GoogleCloudPlatform / mlops-on-gcp

Geek Repo:Geek Repo

Github PK Tool:Github PK Tool

Lengthy run-time for lab-02-tfx-pipeline

dougkelly opened this issue · comments

Ran through lab-02-tfx-pipeline 3 times with the following run-times:

  • 1 hrs 46 min
  • 2 hrs 6 min
  • 1 hour 54 min

I was a bit concerned by this runtime length on a small dataset (~500k examples) for delivery and motivating the use of CAIP pipelines compared to existing CAIP training and prediction services so wanted to flag it and discuss improvement opportunities.

Lot of deprecation warnings and non-fatal errors in the log. I am still learning the KFP interface compared to SmartEngine UI so wasn't sure how to view the runtimes of individual components to profile. From what I can tell, the ordering based on wall time is Trainer > Evaluator > Transform > CsvExampleGen.
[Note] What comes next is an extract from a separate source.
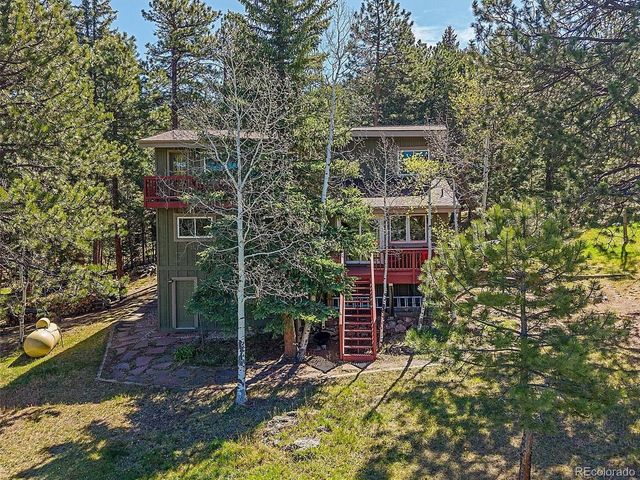 8731 Grizzly Way, Evergreen, CO 80439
To improve performance, are there opportunities to:

  • Add additional worker machines / accelerator (GPU, TPU) to Trainer?
  • Add additional worker machines to Evaluator?

I see the GKE cluster created has 2 nodes with autoscaling on for up to 5. Looks like the cluster was well within memory and CPU limits but one of the nodes did have an autoscaler pod run. This guide https://cloud.google.com/ai-platform/pipelines/docs/configure-gke-cluster?hl=en_US#ensure mentions having at least 3 nodes (+1 node) with 2 CPUs with 4GB (+1GB each) memory. Perhaps mirroring this config and allocating more resources upfront would yield performance benefits?

Increasing the capacity of the cluster hosting KFP will not help. Most of the time is spent in starting and executing Dataflow and AI Platform Pipelines jobs. The long execution time for AI Platform training does not look right.

I have fixed the slow training in AI Platform Training. The issue was a Tensorboard callback that was writing to GCS. The next step is to look at optimizing Dataflow, which most likely will be just an incremental change

Thanks, excellent detective work and fix! I just ran through the lab again and saw a significant improvement in runtimes of 0:45:28 and 0:46:12 (last one even added InfraValidator component to DAG as well). This is great and gives us a lot more flexibility to re-use this lab scoped to take about an hour end-2-end (reading + explanation + pipeline runtime) in a number of different training formats going forward e.g. workshops, ASL, future Qwiklab conversion, etc. Marking this as successfully fixed.